*** Opening of TASK DATA ***

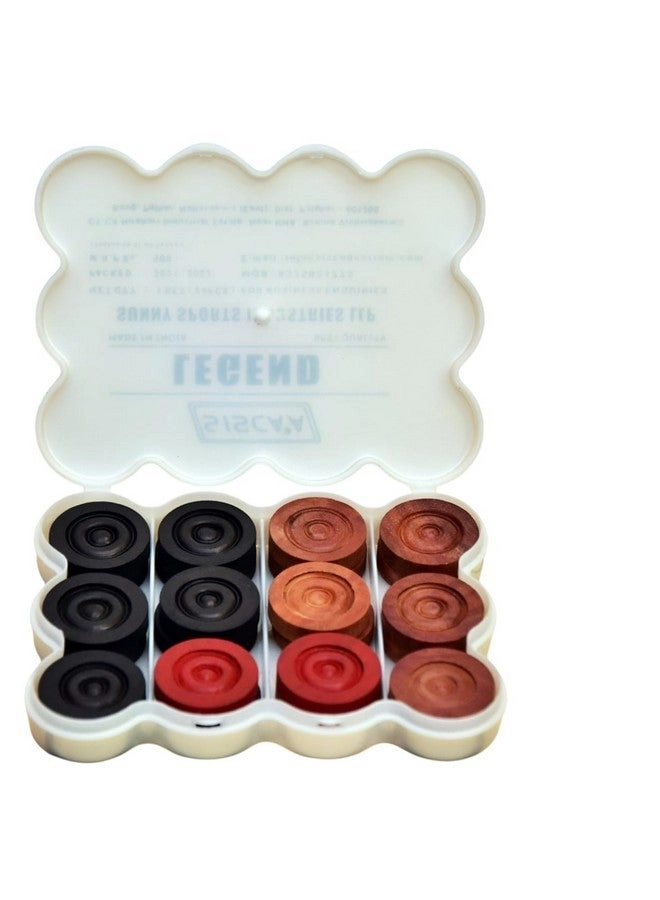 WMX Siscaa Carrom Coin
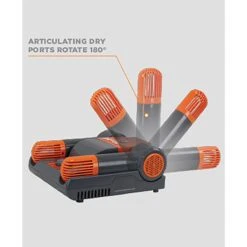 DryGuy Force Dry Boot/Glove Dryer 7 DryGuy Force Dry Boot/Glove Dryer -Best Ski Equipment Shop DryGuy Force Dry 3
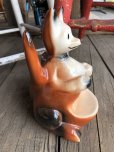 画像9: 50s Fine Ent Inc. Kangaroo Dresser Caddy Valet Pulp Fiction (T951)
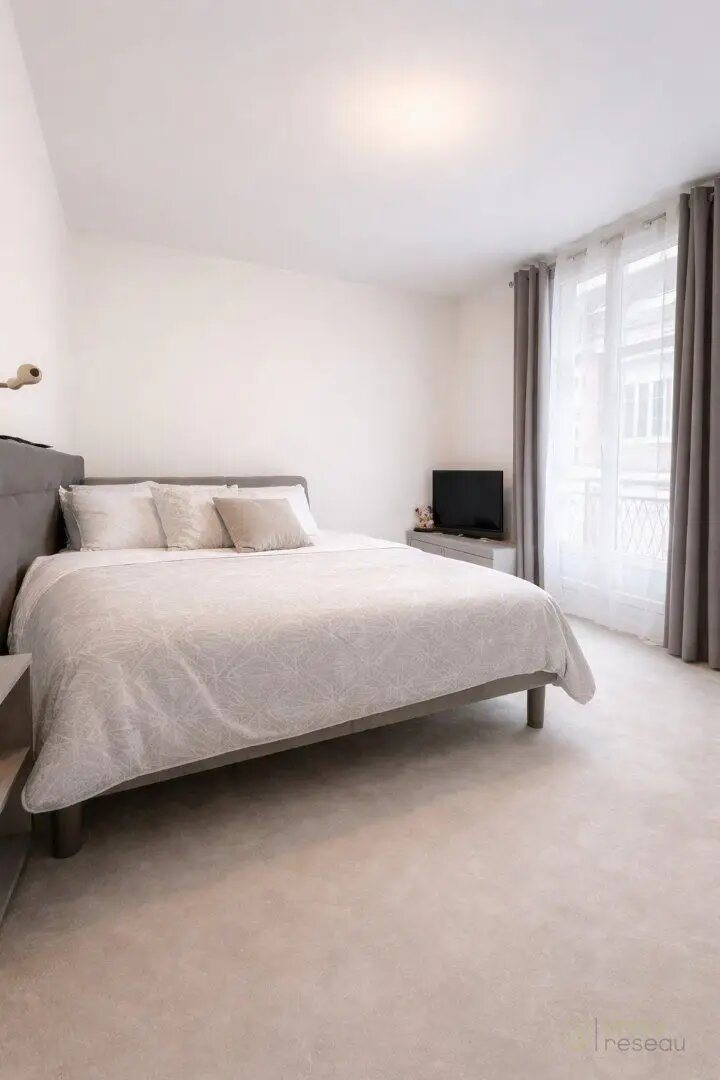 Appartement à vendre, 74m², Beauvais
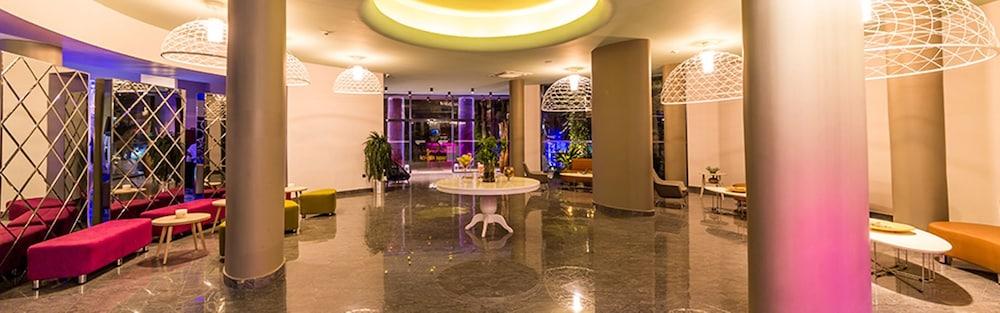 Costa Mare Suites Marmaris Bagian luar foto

*** Close of TASK DATA ***

YOUR INSTRUCTIONS: Repeat the records above exactly, without any pictures.

SOLUTION TO THIS TASK:
 WMX Siscaa Carrom Coin
 DryGuy Force Dry Boot/Glove Dryer 7 DryGuy Force Dry Boot/Glove Dryer -Best Ski Equipment Shop DryGuy Force Dry 3
 画像9: 50s Fine Ent Inc. Kangaroo Dresser Caddy Valet Pulp Fiction (T951)
 Appartement à vendre, 74m², Beauvais
 Costa Mare Suites Marmaris Bagian luar foto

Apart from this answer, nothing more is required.